1916  The Punitive Expedtion: The Casper Daily Press, March 30, 1916
 

1917   Colorado criminalizes marijuana 
 
On this day in 1917 Colorado's legislature passed a bill that criminalized marijuana.  The act passed on this date stated:
An act to declare unlawful the planting, cultivating, harvesting, drying, curing, or preparation for sale or gift of cannabis sativa, and to provide a penalty therefore.

Section 1. Any person who shall grow or use cannabis sativa (also known as cannabis indica, Indian hemp and marijuana) that he has grown shall be deemed guilty of a misdemeanor and on conviction shall be punished by a fine of not less than ten nor more than one hundred dollars, or by imprisonment in the county jail not more than thirty days, or by both such fine and imprisonment in the discretion of the court.
The bill was in part inspired by the civil war in Mexico.  It was being asserted that Pancho Villa funded his Division del Norte in part through the sale of cannabis.

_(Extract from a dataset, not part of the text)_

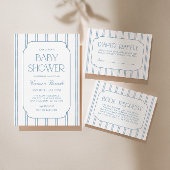 Classic Blue Striped Baby Shower Invitation Einladung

Whether this is true or not, marijuana was not unknown by any means in Mexico and it shows up even in music of the period at least to the extent that it features in the Mexican Revolution ballad La Cucaracha.  The bill was introduced in Colorado by a Hispanic legislator from one of Colorado's southern counties which were and are predominately Hispanic in culture and where there was  strong desire to disassociate themselves from Mexican refugees, including any assertion that they might approve of the use of the drug.

Colorado was not the first state to address marijuana statutorily.  At least California (1907), Massachusetts (1911), New York (1914), Maine (1914), and Wyoming (1915) had.  Colorado was one of the states that enacted the prohibition of alcohol by that time and therefore not acting on marijuana would have been odd under the circumstances.  It had already been addressed by Federal law to some extent at that time.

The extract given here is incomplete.